*Task directions:*
From the line containing "Dragon on Lava, Men’s" to the final line of the entries, copy each line exactly. Pictures stay out.

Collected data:

---*---

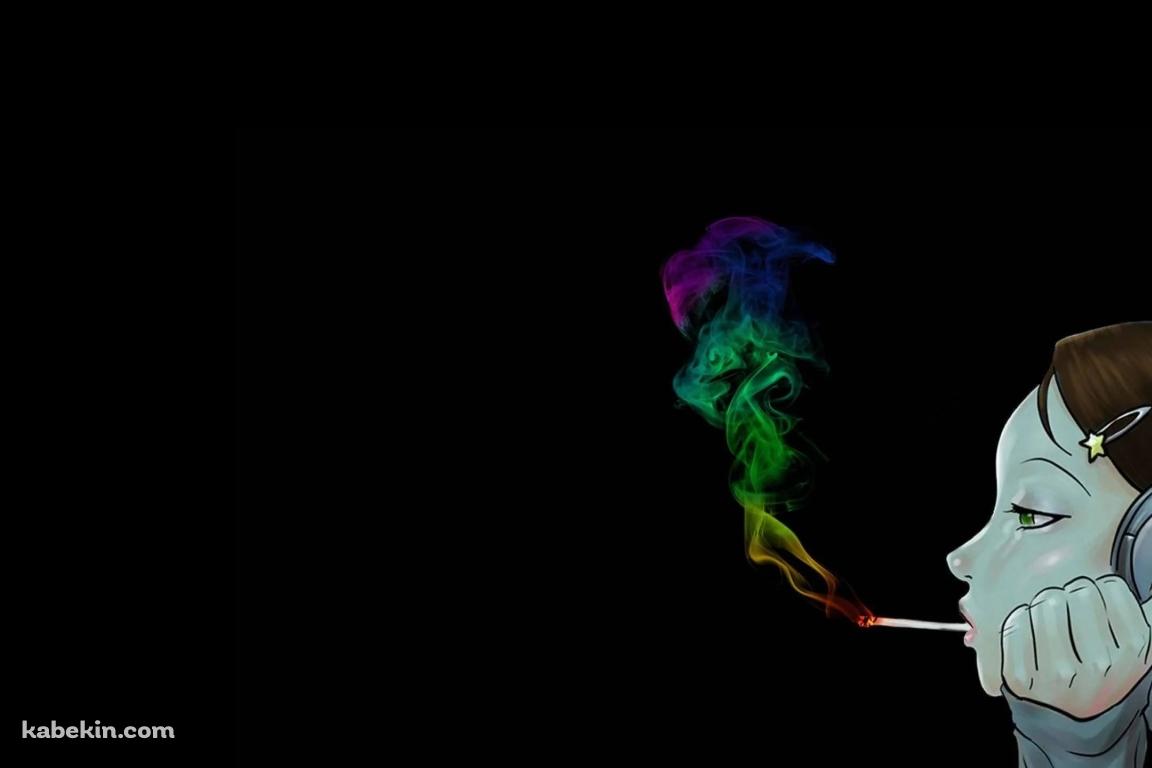 カラフルな煙 タバコを吸う女性 ヘッドフォンの壁紙(1152px x 768px) 高画質 PC・デスクトップ用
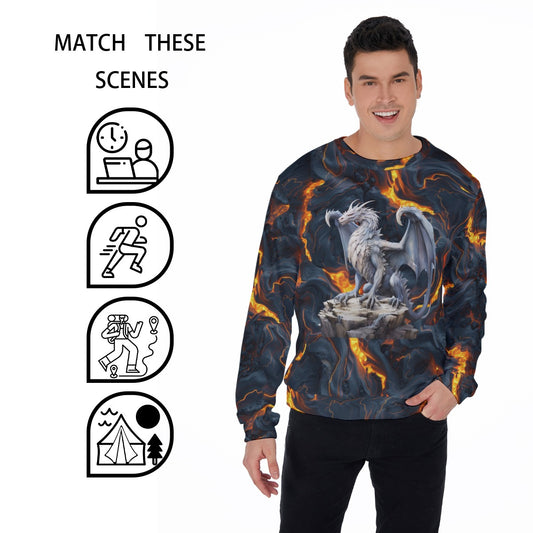 Dragon on Lava, Men’s Polyester Thickened Sweater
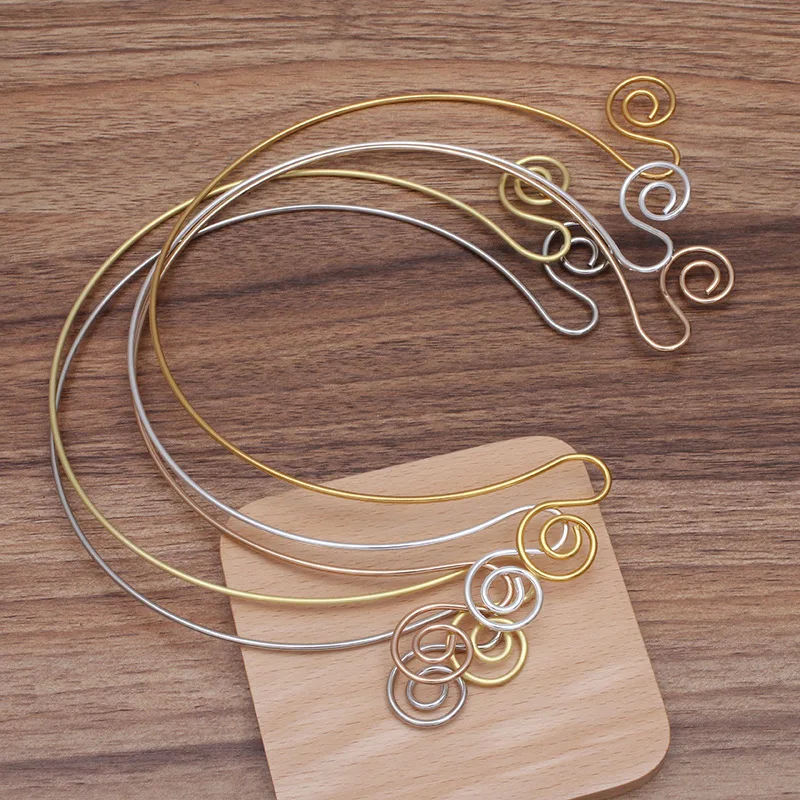 2pcs DIY Metal Collar Neckalce Circle Hang Hook Bride Base Setting Jewelry Making Components Wedding Necklace Jewelry DIY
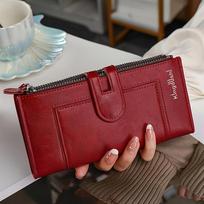 Vintage-Style Long Wallet with Multiple Zippered Pockets, Lightweight Coin Purse with ID Compartment & Card Slots, Minimalist Design in Light Brown black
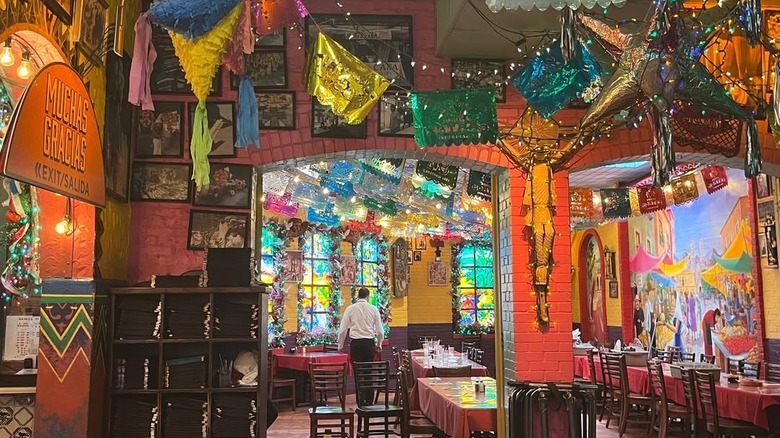 Colorful decor inside Mi Tierra Cafe y Panaderia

---*---

*Expected output:*
 Dragon on Lava, Men’s Polyester Thickened Sweater
 2pcs DIY Metal Collar Neckalce Circle Hang Hook Bride Base Setting Jewelry Making Components Wedding Necklace Jewelry DIY
 Vintage-Style Long Wallet with Multiple Zippered Pockets, Lightweight Coin Purse with ID Compartment & Card Slots, Minimalist Design in Light Brown black
 Colorful decor inside Mi Tierra Cafe y Panaderia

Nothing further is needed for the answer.